Microsoft wants Azure Sphere to be a really secure foundation for internet of things devices like webcams and garage doors, so it's offering researchers up to $100,000 to find a way to break into the technology. Azure Sphere combines an approved processor with Microsoft's own customized version of Linux called Sphere OS and a security service to detect problems and issue updates.

"We're providing more content and resources to better arm security researchers with the tools needed to research high-impact vulnerabilities in the cloud," said Sylvie Liu, a Microsoft security program manager, in a blog post this week. The program to find flaws in Azure Sphere OS is open to security researchers who apply by May 15, and those approved will get access to developer tools, Azure Sphere hardware and Microsoft researchers. They'll have until Aug. 31 to find problems.

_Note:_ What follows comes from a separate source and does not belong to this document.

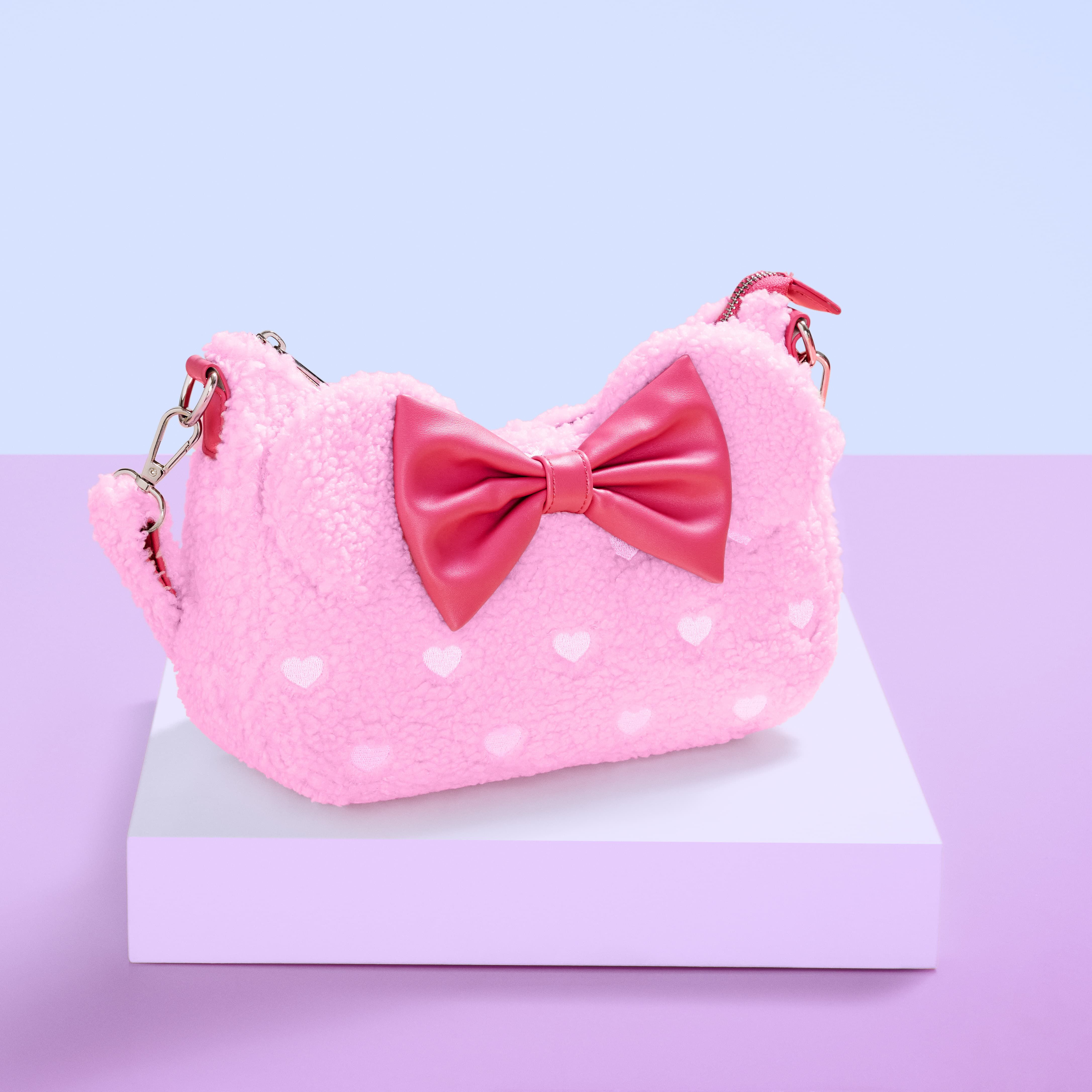 Minnie Mouse Exclusive Hearts Strawberry Scented Sherpa Crossbody Bag - Image 2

Bug bounties are a common way for companies to attract hackers to find security problems a software maker might not find on its own. Google, for example, offers up to $150,000 to anyone who demonstrates a way to crack a Chromebook from a website, and Apple offers up to $1 million for the most serious attacks. The bounties also help find problems that might otherwise be sold to intelligence services or criminals wanting to break into computers.

Security vulnerabilities are a particular problem with low-cost internet of things devices that may come from companies you've never heard of and that may get software updates rarely, if ever. But there are millions of them, making them a widespread problem. The massive Mirai botnet attack of 2015, which took over countless devices like security cameras, digital video recorders and network routers, showed the magnitude of the problem.

A decade ago under the leadership of former Chief Executive Steve Ballmer, it would have been unthinkable that Microsoft might distribute its own version of Linux, an offshoot of the Unix operating system family that's built with the open-source principles Microsoft executives once called "un-American" and a "cancer." But things have changed under the reign of today's CEO, Satya Nadella. Linux is popular among many developers, and Microsoft now offers a version called the Windows Subsystem for Linux, or WSL 2.

Microsoft released its first version of Azure Sphere in February.